■ Work request ■
Transcribe only the lines from the one containing "If you got value" through the final line of the entries below, exactly, and exclude the pictures.

■ Source records ■

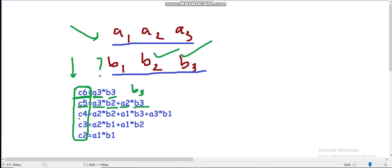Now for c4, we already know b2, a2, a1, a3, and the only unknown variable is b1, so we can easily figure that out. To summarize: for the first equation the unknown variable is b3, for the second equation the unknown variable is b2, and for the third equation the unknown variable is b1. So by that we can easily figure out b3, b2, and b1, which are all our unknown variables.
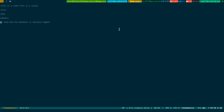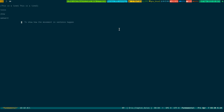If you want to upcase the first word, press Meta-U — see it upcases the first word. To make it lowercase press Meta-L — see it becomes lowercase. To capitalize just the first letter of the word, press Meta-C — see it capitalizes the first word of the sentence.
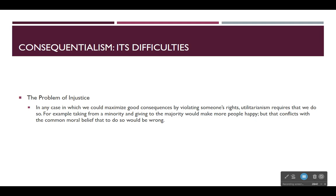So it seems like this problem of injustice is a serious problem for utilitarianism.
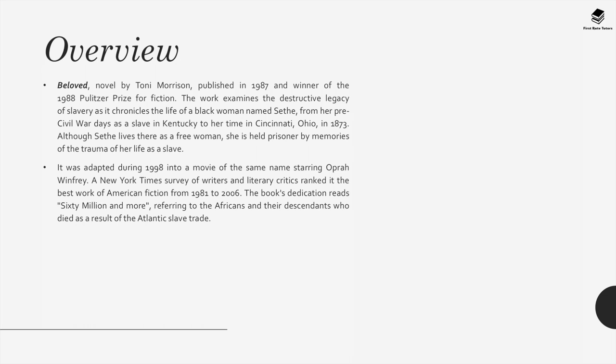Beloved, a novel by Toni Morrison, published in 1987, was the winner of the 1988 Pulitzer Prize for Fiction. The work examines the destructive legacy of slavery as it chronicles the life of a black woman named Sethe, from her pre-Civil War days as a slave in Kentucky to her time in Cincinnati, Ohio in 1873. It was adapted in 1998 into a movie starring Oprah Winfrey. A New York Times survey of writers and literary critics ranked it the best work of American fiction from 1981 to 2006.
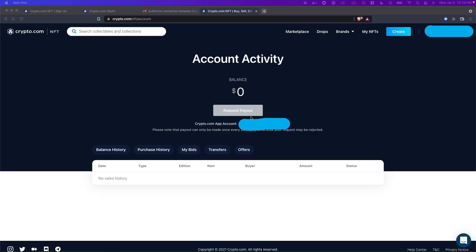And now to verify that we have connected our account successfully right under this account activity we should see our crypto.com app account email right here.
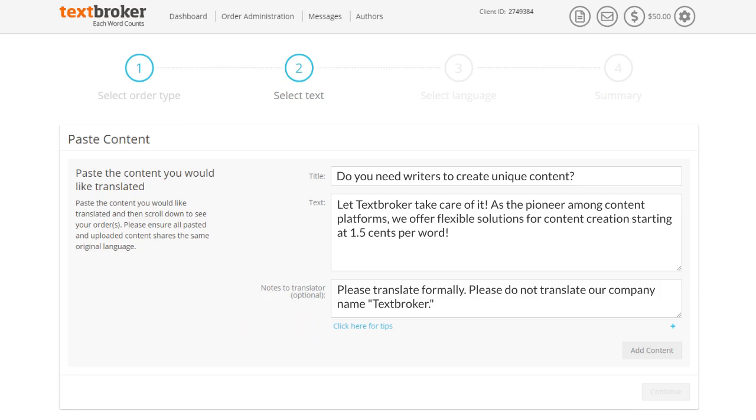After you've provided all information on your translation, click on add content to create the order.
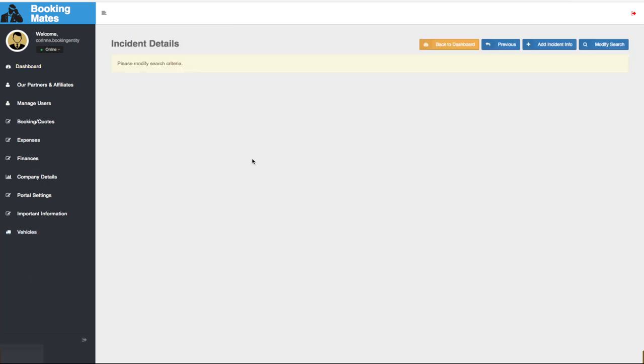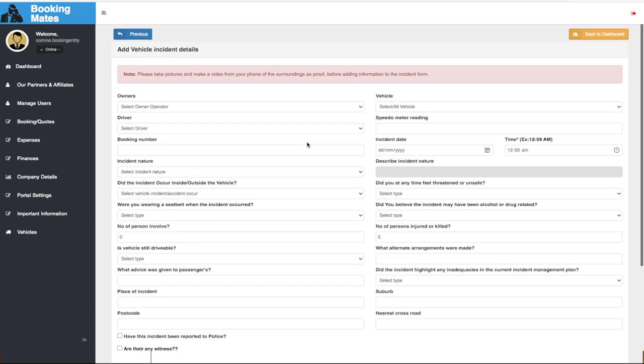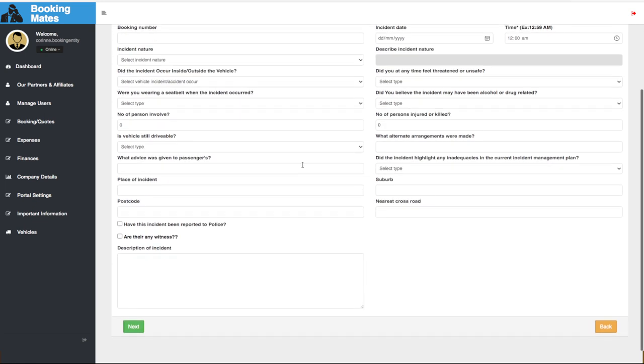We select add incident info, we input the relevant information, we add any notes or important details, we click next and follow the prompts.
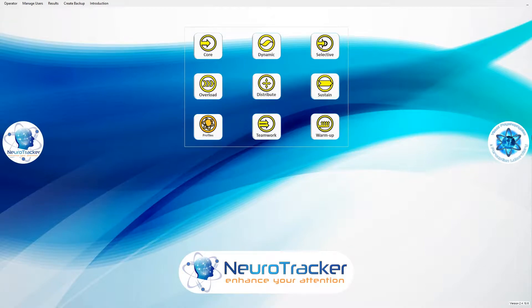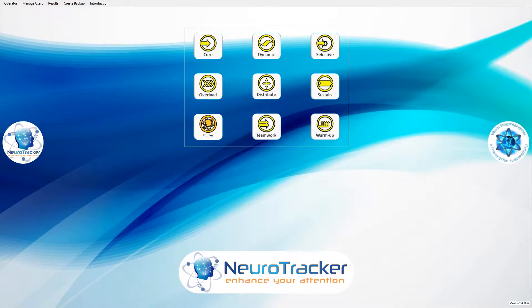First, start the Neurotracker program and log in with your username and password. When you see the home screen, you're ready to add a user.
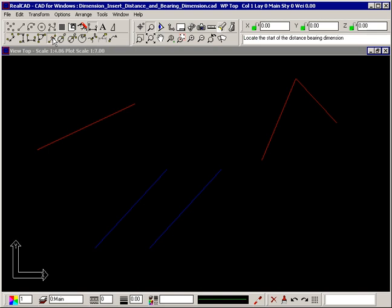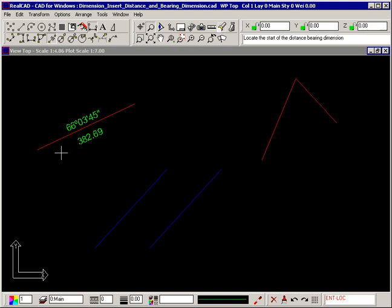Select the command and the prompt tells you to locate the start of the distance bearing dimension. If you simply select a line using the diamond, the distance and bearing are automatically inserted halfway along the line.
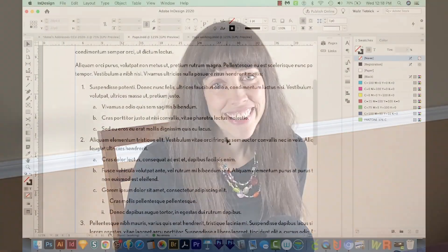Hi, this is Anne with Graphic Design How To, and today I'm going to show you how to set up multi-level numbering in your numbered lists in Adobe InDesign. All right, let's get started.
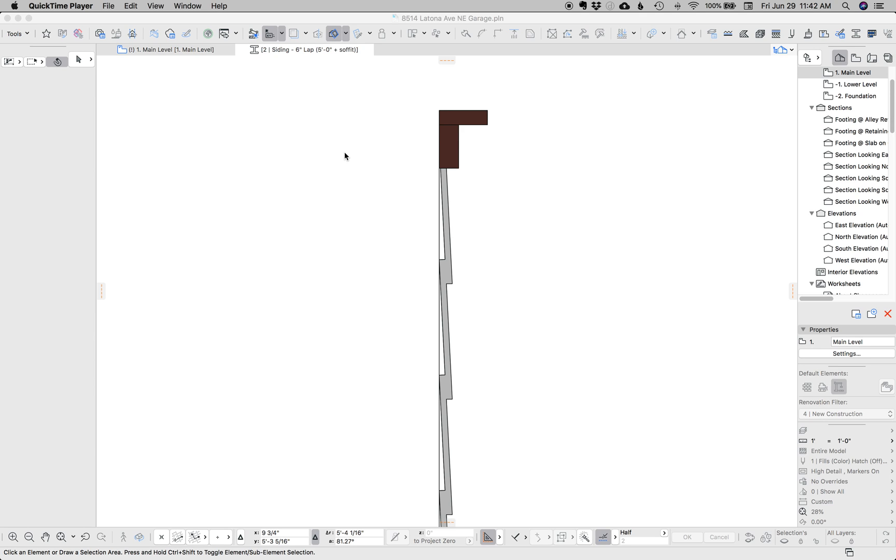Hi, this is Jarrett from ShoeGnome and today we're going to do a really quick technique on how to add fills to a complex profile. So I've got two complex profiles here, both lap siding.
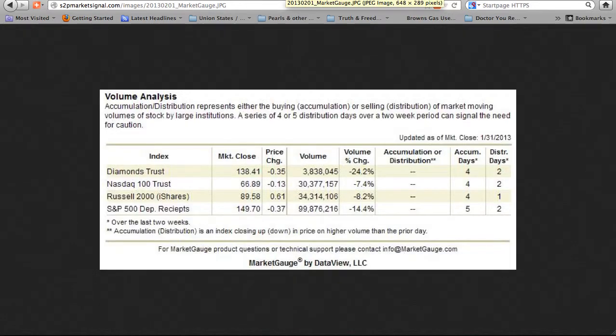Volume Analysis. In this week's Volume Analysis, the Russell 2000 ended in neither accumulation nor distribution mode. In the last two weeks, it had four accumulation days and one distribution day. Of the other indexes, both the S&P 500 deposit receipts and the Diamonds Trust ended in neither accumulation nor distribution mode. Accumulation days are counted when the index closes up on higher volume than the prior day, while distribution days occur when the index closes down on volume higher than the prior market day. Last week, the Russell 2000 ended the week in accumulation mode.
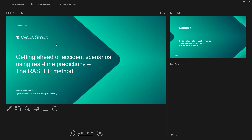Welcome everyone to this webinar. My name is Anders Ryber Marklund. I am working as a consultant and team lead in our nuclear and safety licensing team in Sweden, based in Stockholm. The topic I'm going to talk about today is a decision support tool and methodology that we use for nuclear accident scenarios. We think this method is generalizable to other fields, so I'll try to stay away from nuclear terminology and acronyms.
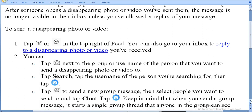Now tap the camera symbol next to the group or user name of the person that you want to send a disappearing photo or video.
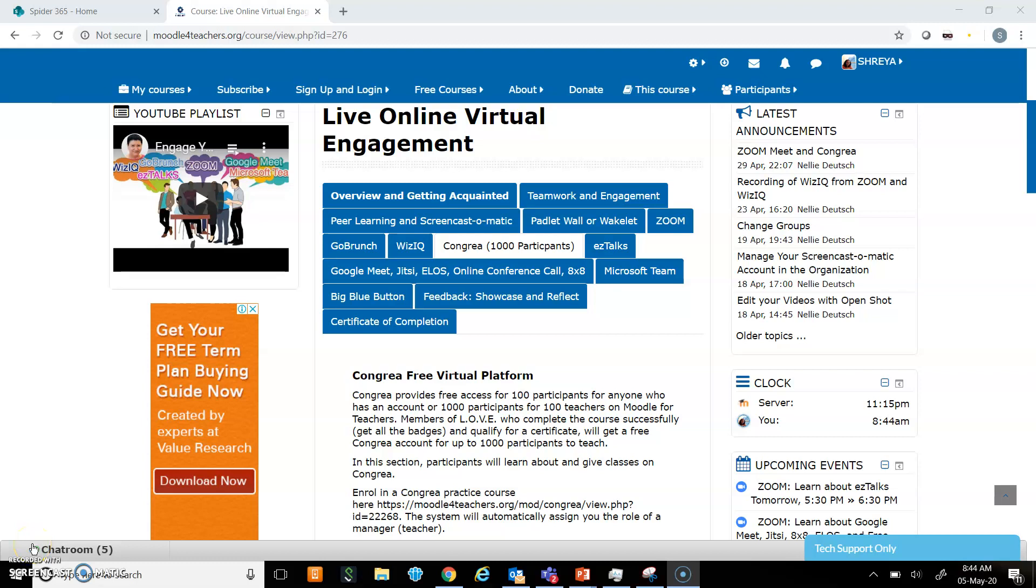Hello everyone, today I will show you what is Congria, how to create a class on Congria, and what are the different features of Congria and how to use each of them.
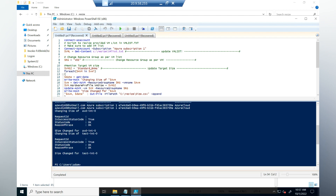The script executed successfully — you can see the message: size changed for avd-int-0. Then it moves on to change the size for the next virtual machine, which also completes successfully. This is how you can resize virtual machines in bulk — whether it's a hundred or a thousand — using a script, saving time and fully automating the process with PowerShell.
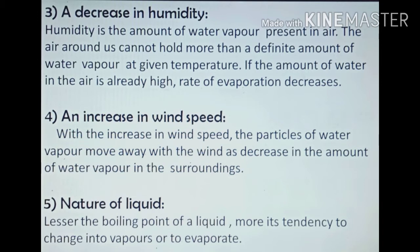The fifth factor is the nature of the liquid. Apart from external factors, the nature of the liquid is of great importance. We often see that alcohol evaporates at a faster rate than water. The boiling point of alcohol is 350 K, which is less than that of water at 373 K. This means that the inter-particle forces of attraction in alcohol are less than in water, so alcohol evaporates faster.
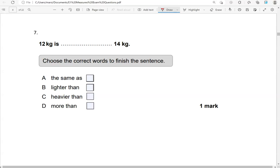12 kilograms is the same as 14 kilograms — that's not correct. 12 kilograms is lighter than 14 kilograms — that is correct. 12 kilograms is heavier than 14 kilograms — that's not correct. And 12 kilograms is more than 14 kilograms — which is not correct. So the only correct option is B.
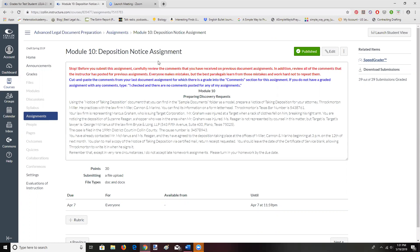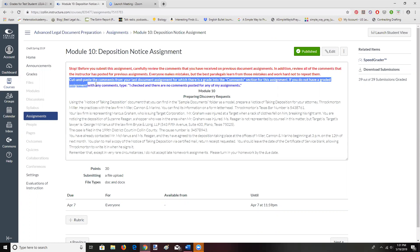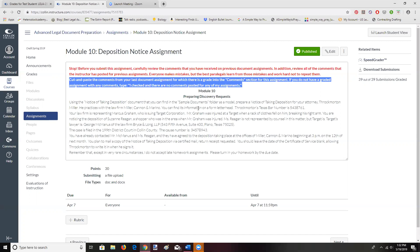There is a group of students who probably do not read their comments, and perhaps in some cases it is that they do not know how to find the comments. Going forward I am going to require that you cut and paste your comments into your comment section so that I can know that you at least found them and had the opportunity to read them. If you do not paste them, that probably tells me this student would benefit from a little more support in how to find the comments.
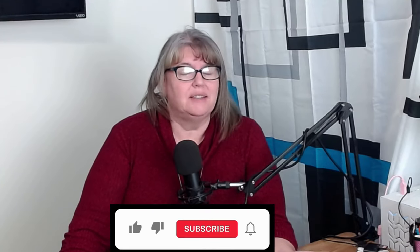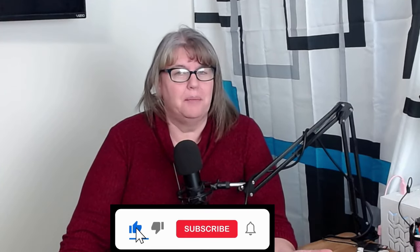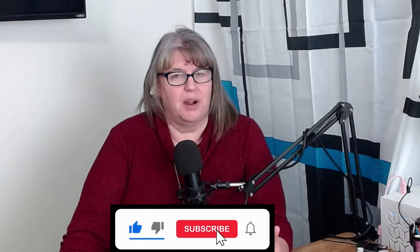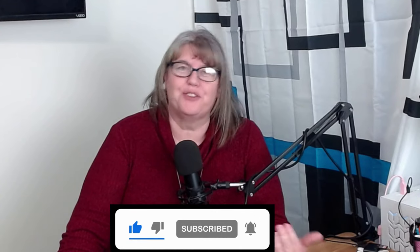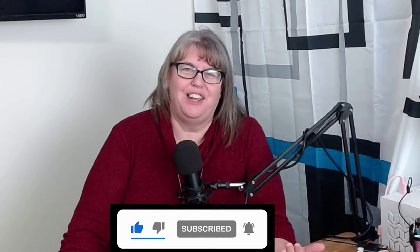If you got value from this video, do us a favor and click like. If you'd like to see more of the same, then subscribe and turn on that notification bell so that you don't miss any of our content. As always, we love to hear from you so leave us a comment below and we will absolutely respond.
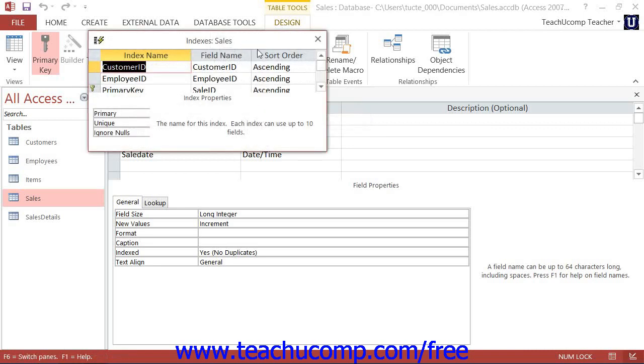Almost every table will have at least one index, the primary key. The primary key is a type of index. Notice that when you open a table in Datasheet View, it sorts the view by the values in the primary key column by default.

■ Expected output ■
If you got value from this video, do us a favor and click like. If you'd like to see more of the same, then subscribe and turn on that notification bell so that you don't miss any of our content. As always, we love to hear from you so leave us a comment below and we will absolutely respond.
Almost every table will have at least one index, the primary key. The primary key is a type of index. Notice that when you open a table in Datasheet View, it sorts the view by the values in the primary key column by default.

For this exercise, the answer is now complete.